In [1]:
# Import all the libraries needed
import nltk # Natural Language Processing Library
import pickle # For The Model
import string # For String Operations
import pandas as pd # For DataFrame

# Functions from the libraries
from nltk import FreqDist
from nltk.tokenize import word_tokenize
from nltk.corpus import stopwords, wordnet
from nltk.stem import PorterStemmer, WordNetLemmatizer
from nltk.tag import pos_tag
from random import shuffle

In [2]:
# Download
nltk.download("stopwords")
nltk.download("punkt")
nltk.download("averaged_perceptron_tagger")
nltk.download("wordnet")

[nltk_data] Downloading package stopwords to
[nltk_data]     C:\Users\ASUS\AppData\Roaming\nltk_data...
[nltk_data]   Package stopwords is already up-to-date!
[nltk_data] Downloading package punkt to
[nltk_data]     C:\Users\ASUS\AppData\Roaming\nltk_data...
[nltk_data]   Package punkt is already up-to-date!
[nltk_data] Downloading package averaged_perceptron_tagger to
[nltk_data]     C:\Users\ASUS\AppData\Roaming\nltk_data...
[nltk_data]   Package averaged_perceptron_tagger is already up-to-
[nltk_data]       date!
[nltk_data] Downloading package wordnet to
[nltk_data]     C:\Users\ASUS\AppData\Roaming\nltk_data...
[nltk_data]   Package wordnet is already up-to-date!


True

In [3]:
# Setting variables
stemmer = PorterStemmer()
wnl = WordNetLemmatizer()
eng_stopwords = stopwords.words("english")

dataset = pd.read_csv("./dataset.csv")

In [4]:
def preprocessing(document):
	# Change into lowercase and tokenize
	words = word_tokenize((document).lower())
	
	# Lemmatizing and Stemming
	words = [wnl.lemmatize(word) for word in words]
	words = [stemmer.stem(word) for word in words]

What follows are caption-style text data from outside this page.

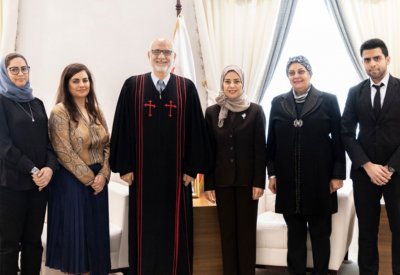 زينل تستقبل القس هاني عزيز وتؤكد أن البحرين مجتمع التسامح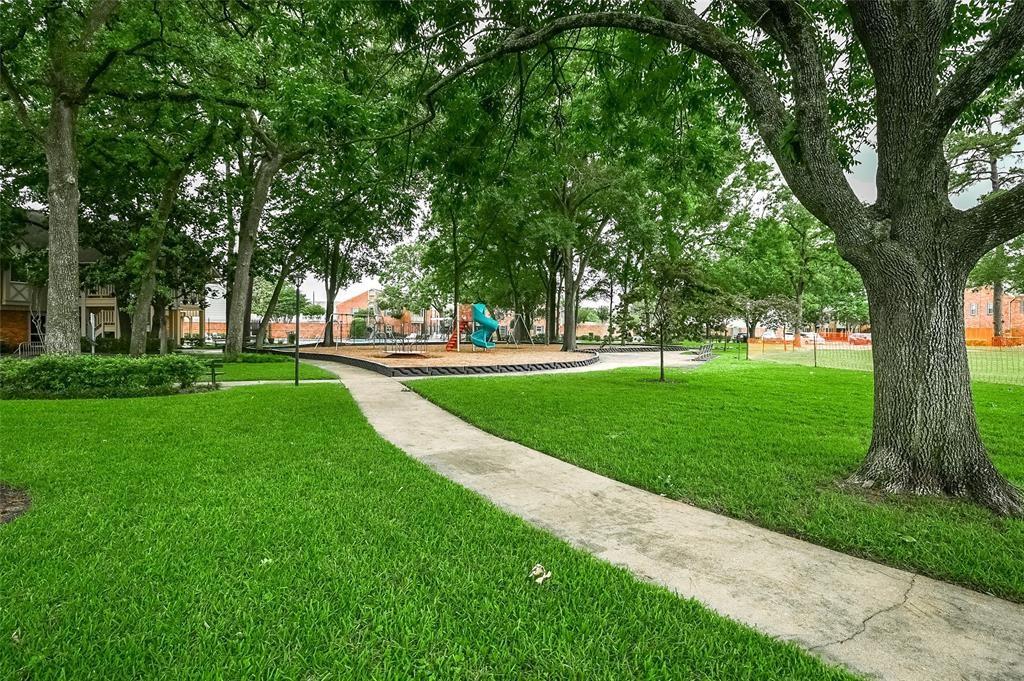 12612 2 Rip Van Winkle Drive, Houston, Texas 77024, 3 Bedrooms Bedrooms, 8 Rooms Rooms,2 BathroomsBathrooms,Townhouse/condo,For Sale,Rip Van Winkle,55976326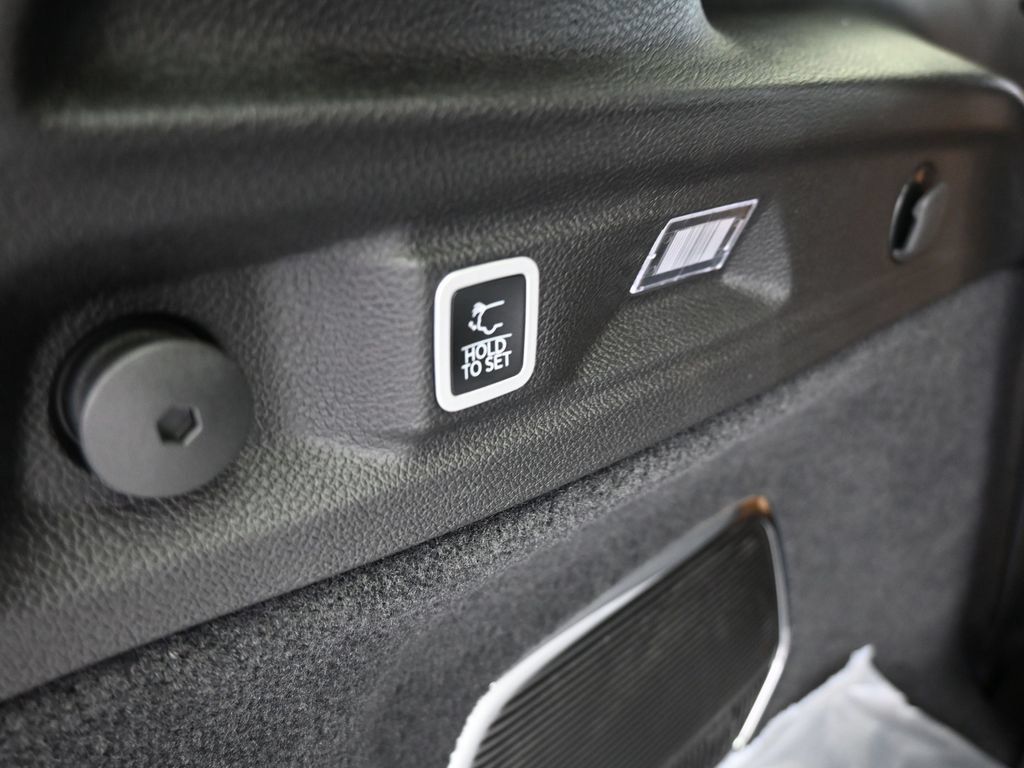 Used 2025 Jeep Grand Cherokee L Summit AWD/4WD image 38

	# Check if words are not in stop_words and only consists of alphabetic
	return {word: True for word in words if word not in eng_stopwords and word.isalpha()}

def trainModel():
	# dataset = pd.read_csv("updated_dataset.csv")

	features_sets = [(preprocessing(text), label) for text, label in zip(dataset["text"], dataset["label"])]

	shuffle(features_sets)

	split_index = int(len(features_sets) * .85)
	train_set, test_set = features_sets[:split_index], features_sets[split_index:]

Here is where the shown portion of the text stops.